Milo recalled Bradley telling him “to always follow the Lord’s path. Just keep going, do it God’s way. It’s the only way.”
Bradley attended school in the 1920s and ’30s at Conroe College, a private school for elementary to college level, where her foster father was a theologian.
“I grew up on the Conroe College campus,” Bradley said last year during in an interview before her 100th birthday. “It was a big school back then. They had a dormitory for boys and a dormitory for girls.
“It was a school for blacks.”
She was raised by Conroe College President Dr. William A. Johnson and his wife Cora after both of her parents passed away.
There, she met her husband, the late Rev. Arthur Bradley, who came to the school to study theology.

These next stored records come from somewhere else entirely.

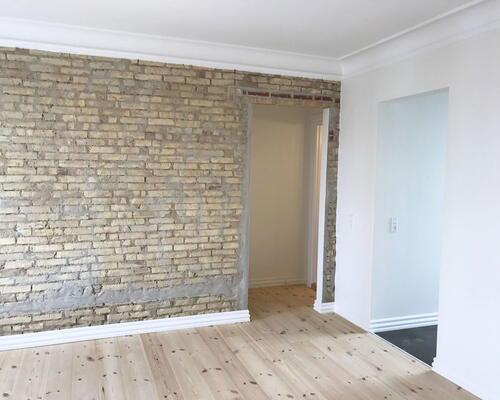 Renoveret 3-værelses med Svane-køkken, gulvvarme og blotlagte murstensvægge – 74 m2 tæt på byliv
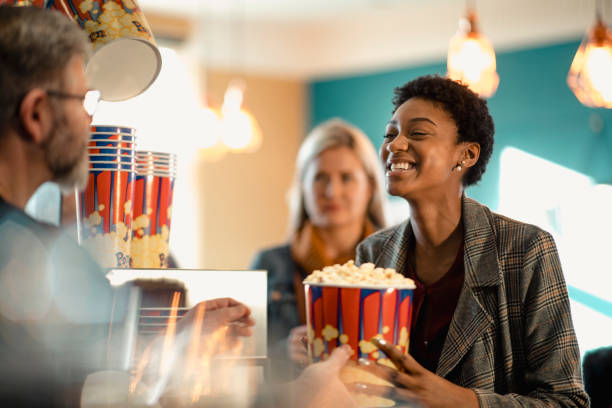 Excited for Her Popcorn Young female woman buying popcorn at the concession stand while at the movies. She is being passed the popcorn by the customer assistant. concession stand stock pictures, royalty-free photos & images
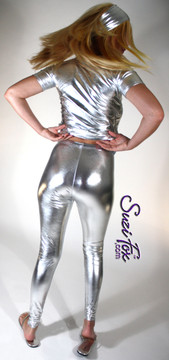 Womens Leggings shown in Silver Metallic Foil Spandex, custom made by Suzi Fox.
Waist high rise shown. You can order this in almost any fabric on this site. 
• Custom made to your measurements!
• Available in gold, silver, copper, royal blue, purple, turquoise, red, green, fuchsia, gun metal, black faux leather/rubber coated spandex. This is a 4-way stretch fabric with a brilliant shine.
• 1 inch elastic at the waist.
• Optional 1 or 2-slider crotch zipper.
• Optional ankle zippers
• Optional rear patch pockets
• Optional belt loops
• Made in the U.S.A.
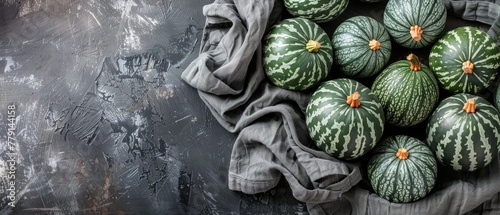   A table holds a stack of watermelons, accompanied by a cloth and a bag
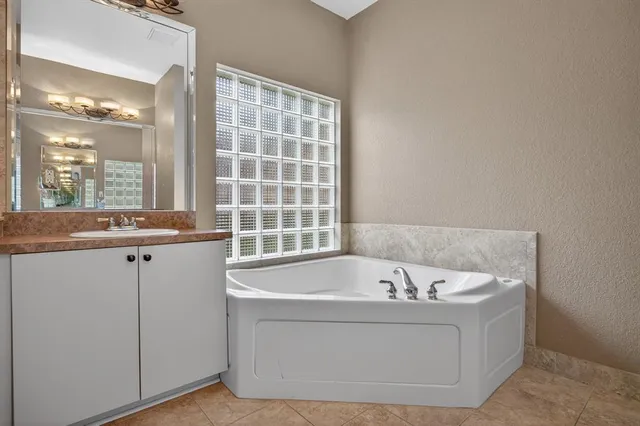 a bathroom with bathtub and window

She got married in her 20s and was married for 39 years.
The couple didn’t have children of their own but raised her nephew like a son.
Students who attended second grade at Armstrong Elementary or Booker T. Washington School before integration in the 1960s may remember her.

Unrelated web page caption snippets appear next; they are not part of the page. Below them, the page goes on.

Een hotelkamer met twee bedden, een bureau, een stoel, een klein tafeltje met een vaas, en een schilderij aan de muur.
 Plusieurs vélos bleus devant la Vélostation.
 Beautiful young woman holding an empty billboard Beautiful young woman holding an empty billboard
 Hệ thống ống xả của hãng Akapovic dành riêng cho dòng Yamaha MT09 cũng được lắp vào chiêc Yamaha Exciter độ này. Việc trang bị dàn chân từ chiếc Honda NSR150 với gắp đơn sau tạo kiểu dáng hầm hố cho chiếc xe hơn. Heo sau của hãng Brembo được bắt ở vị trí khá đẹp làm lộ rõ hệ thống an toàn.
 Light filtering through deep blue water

Bradley started every day about 9 a.m. by reading her Bible. She attended church every Sunday and enjoyed being around people.
“I do my devotions every morning,” Bradley said in the November interview.
She would finish her devotional time just about the time a hot breakfast was served to her by a former student, Henry Calyen, who was in Bradley’s second-grade class in 1957.
“She gave me inspiration to learn in class and was instrumental in planting a spiritual seed in my life,” Calyen said in November.
For the past six years, Calyen has taken a home-cooked country breakfast to Bradley’s house about five days each week.
“I really do it to give back,” he said. “I asked her what she liked for breakfast and it started from there.”
Beulah White knew Bradley for more than 60 years.
“She was my son’s second-grade teacher, and he’s 56 now,” White said.
White took Bradley to her doctor’s appointments and they went to lunch together often.
“She’s a person who tries to help everybody. I look at her like a second mother,” White said in November. “She’s a very special lady to a lot of people in Conroe, one that is to admire.”